About 110 casinos are operating in the state.

Oklahoma ranks second, behind California, in revenue generated from tribes' gaming enterprises, according to the Indian Gaming Industry Report for 2009-2010. The state surpassed Connecticut in 2008, the latest date numbers were available.

“Oklahoma has really become a center for tribal gaming across the whole country as a direct result of this compact and the stability that this compact introduced into Oklahoma,” Meacham said.

Oklahoma tribal casinos drew in almost $2.9 billion in gaming revenue in 2008, behind California's $7.3 billion, an 18 percent growth from the previous year, according to the industry report conducted by Alan Meister, an economist with Nathan Associates Inc.

Meacham said the percentage fee assessed by the state was determined by looking at what comparable states were receiving in 2004. The Interior secretary had to approve the agreement.

“You can't just charge whatever you want,” he said. “What this payment is is an exclusivity payment so the tribes cannot and do not pay tax to the state of Oklahoma. They pay a fee so they have a protected market for this economic activity.”

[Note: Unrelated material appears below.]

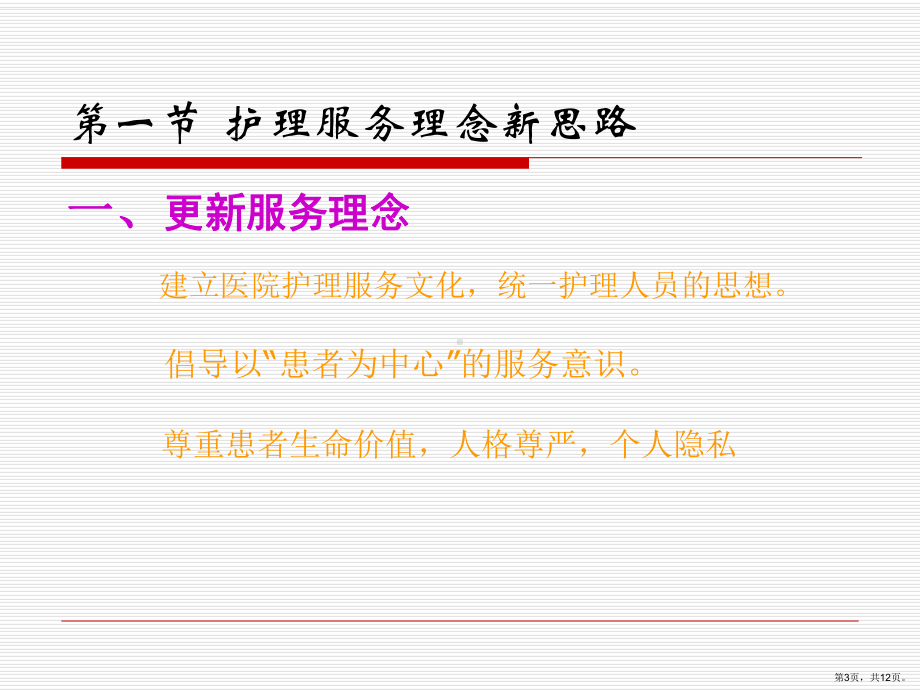 优质护理服务完整版本课件(PPT 12页).pptx_第3页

Hobson said the main economic engine in Oklahoma is the combined efforts of the tribes.

They have succeeded in getting casinos and resorts, which often result in attracting other business, being built in rural areas, he said; they have been much more successful than the state's tax credit program to entice economic development.

“Five years ago, if you had said in a corn field south of Norman, Oklahoma, you could see over a number of months B.B. King, Diana Ross, Tony Bennett, Earth Wind & Fire – people would have locked you up in a mental hospital,” Hobson said. “There's a hell of a lot more to this entity than just the machines and the card games. It's driving the economy of this state in a very positive way.”